Степан Кузьмич вздохнул и продолжал письмо:
«…А мост твой, Петя, Колька хочет взорвать. Говорит, что так надо, чтобы немцам дорогу нарушить. Я и сам знаю, что надо, а только обидно, что ты строил, строил, тебе награду за него дали, а он подложит динамиту — и нет моста. Я все время думаю об этом, и мне не спится. И если бы мать была жива, она тоже не спала бы. И обижалась бы на Кольку».

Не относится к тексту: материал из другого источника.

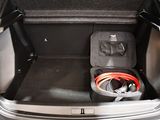a trunk of a car with a pair of shoes in it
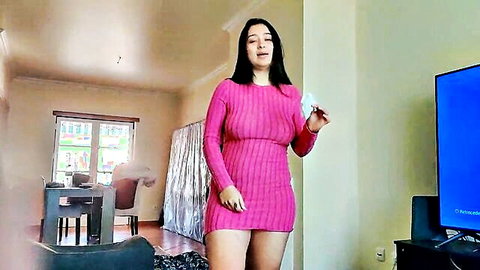 Sexy Asian MILF in tight pink ribbed mini dress talking and posing in living room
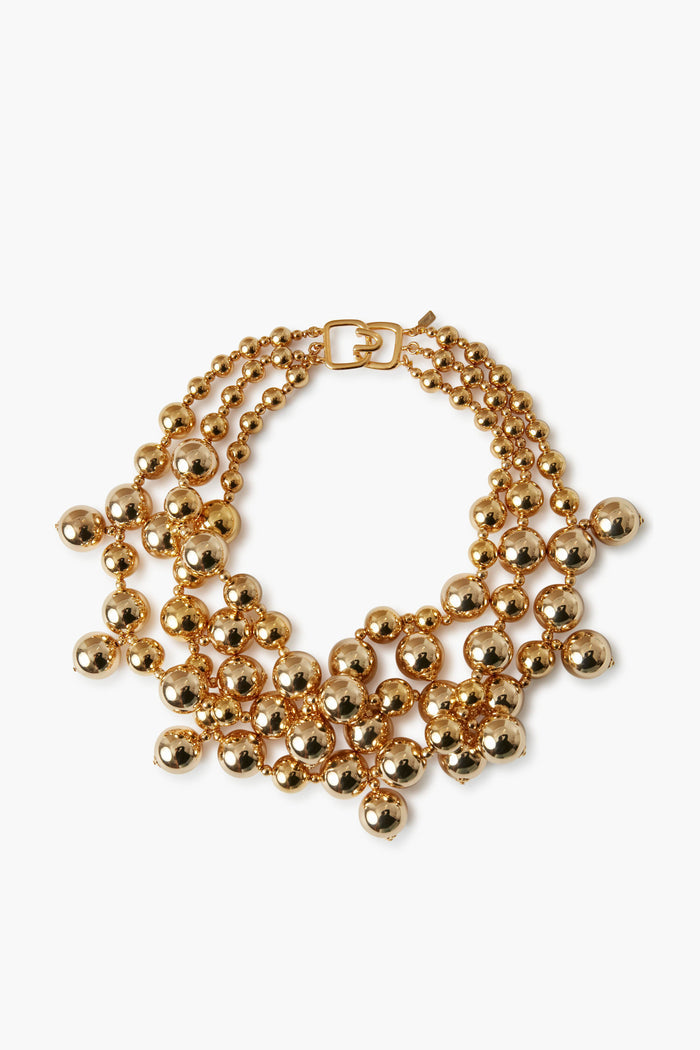 The Kenneth Jay Lane gold-plated beaded necklace features three rows of large, shiny, spherical beads and a rectangular clasp—an ideal statement piece for costume jewelry lovers.
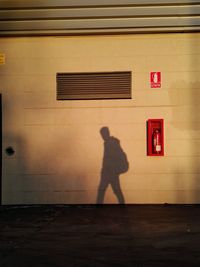 Shadow of man walking on illuminated road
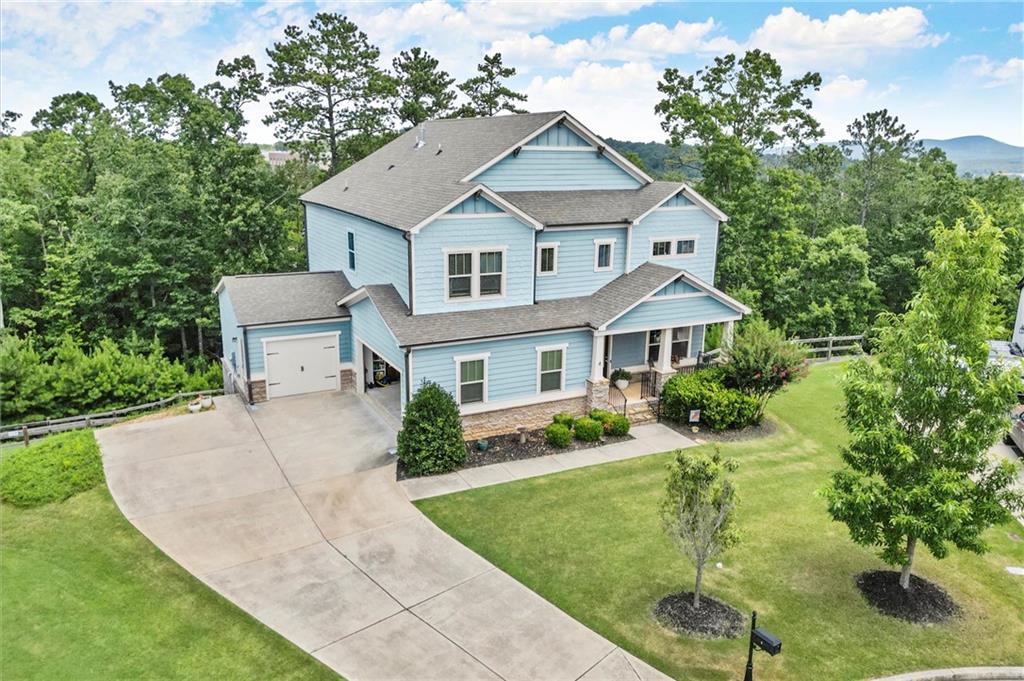 a aerial view of a house with a yard and potted plants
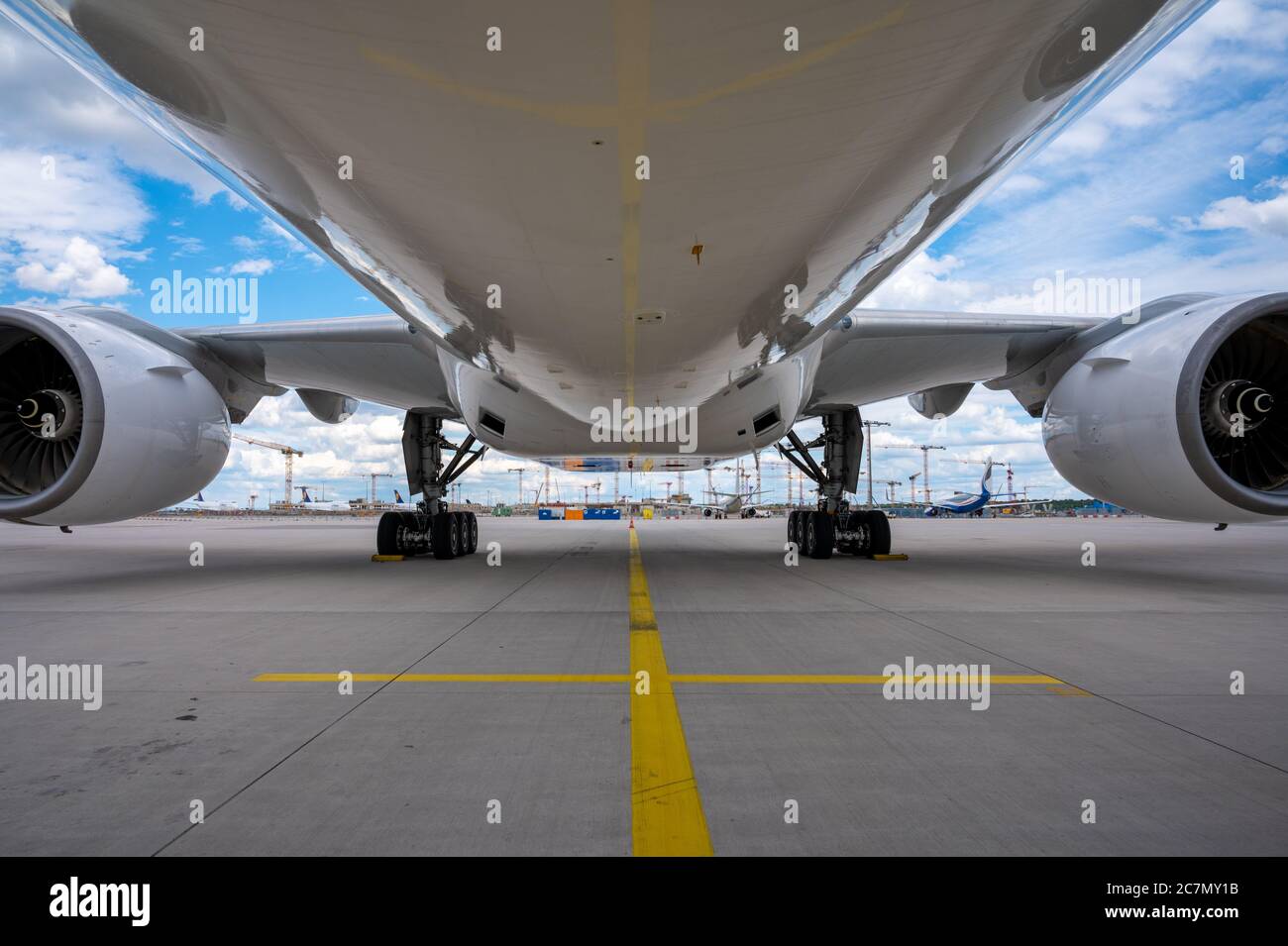 Unter dem Bauch eines weißen Boeing 777-200-Flugzeugs auf dem Vorfeld des Frankfurter Flughafens geparkt Stockfoto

Листок кончается, и старик думает о том, как умирала мать, как будут плакать ребята, когда узнают про это.
Косые тени падают от веревки, на которой висят Ильюшкины портянки. И, когда старик вздыхает, пламя у лампочки в фонаре удлиняется и тень на стене тоже становится длинной и кривой. Шуршат тараканы в углах, попискивают мыши в подпечье, и все это расплывается в сознании Степана Кузьмича, когда он вспоминает старуху. Тихие слезы заливают ему глаза.
«Ребятки мои милые», — думает старик и отодвигает от себя письмо, чтобы на нем не остались слезы.
Далекий голос паровоза отвлекает его внимание. Паровоз, как малое дитя, на что-то жалуется. Голос его слабеет, становясь все беспомощней и тоскливей.
— Замучили машину, затаскали, гадюки, — шепчет старик и, навалясь грудью на стол, торопливо заканчивает письмо. Потом берет конверт и медленно выводит на нем адрес сына. Обратный адрес он не указывает. Все равно никто не сможет ответить ему до тех пор, пока не прогонят немцев.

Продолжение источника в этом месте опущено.